WHAT YOU WILL DO — Using the records below, quote only the span that opens with the line containing "Bắn Cá Thần" and closes with the line containing "SINGAPORE 4D PREDICTIONS", exactly and inclusively.

DATA EXCERPTS —
[Start of section]

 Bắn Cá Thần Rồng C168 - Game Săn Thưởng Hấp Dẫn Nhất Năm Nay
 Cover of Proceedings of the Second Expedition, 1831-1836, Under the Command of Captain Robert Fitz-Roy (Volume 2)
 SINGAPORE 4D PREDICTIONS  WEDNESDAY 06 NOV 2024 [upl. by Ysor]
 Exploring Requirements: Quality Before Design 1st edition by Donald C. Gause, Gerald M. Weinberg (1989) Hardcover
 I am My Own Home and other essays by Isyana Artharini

[End of section]
[Start of section]

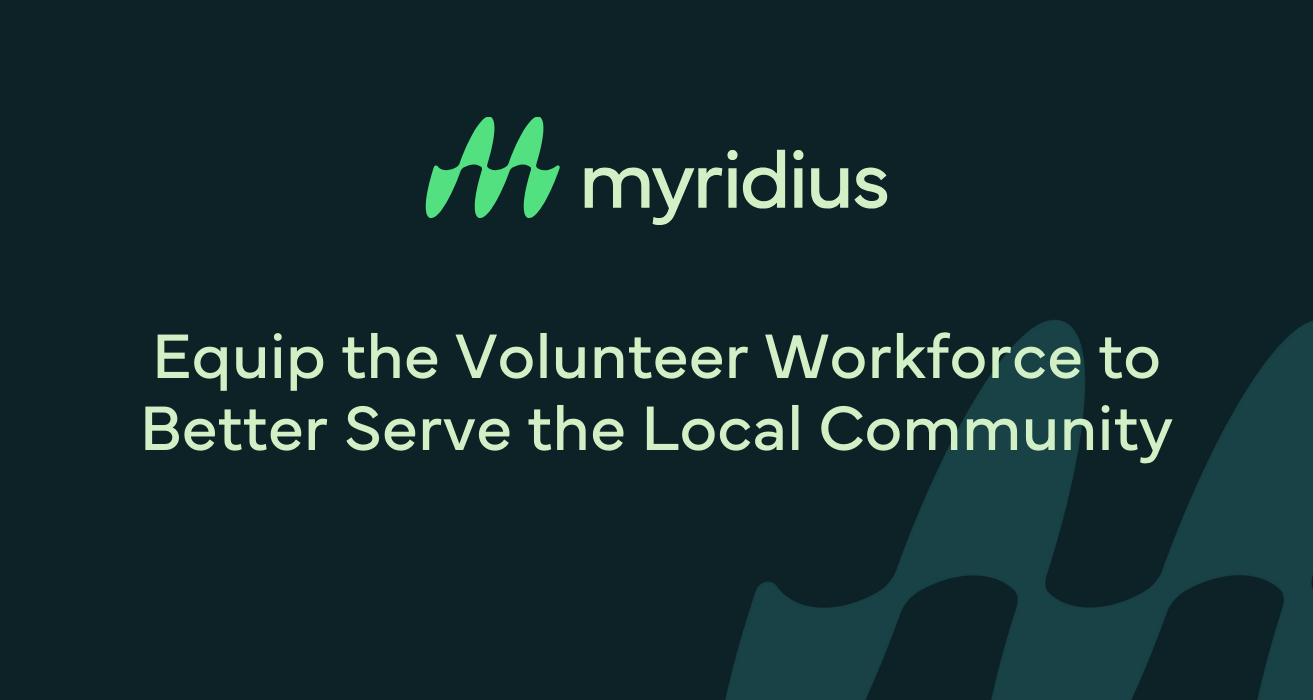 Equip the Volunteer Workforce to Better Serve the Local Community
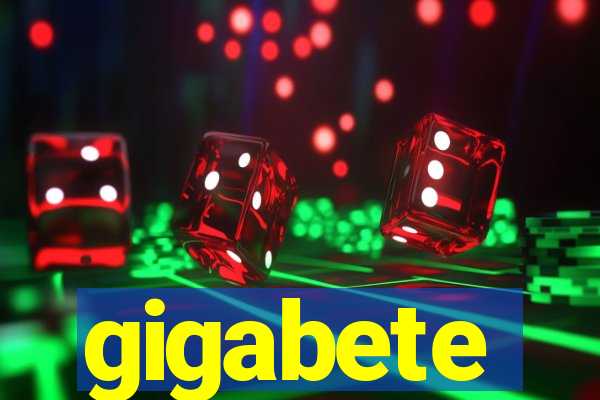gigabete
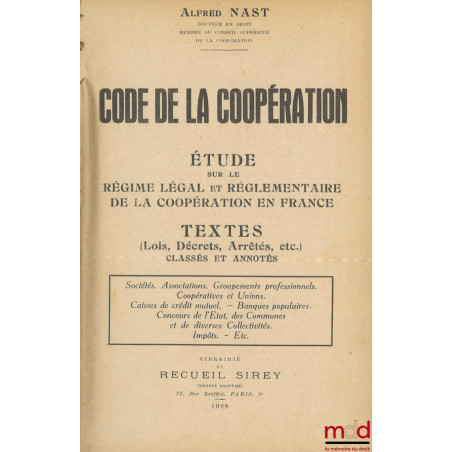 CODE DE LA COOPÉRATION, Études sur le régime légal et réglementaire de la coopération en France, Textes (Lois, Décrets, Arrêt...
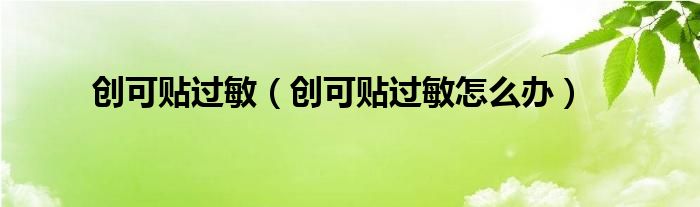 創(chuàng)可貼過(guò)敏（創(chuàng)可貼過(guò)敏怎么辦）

[End of section]

REPLY —
 Bắn Cá Thần Rồng C168 - Game Săn Thưởng Hấp Dẫn Nhất Năm Nay
 Cover of Proceedings of the Second Expedition, 1831-1836, Under the Command of Captain Robert Fitz-Roy (Volume 2)
 SINGAPORE 4D PREDICTIONS  WEDNESDAY 06 NOV 2024 [upl. by Ysor]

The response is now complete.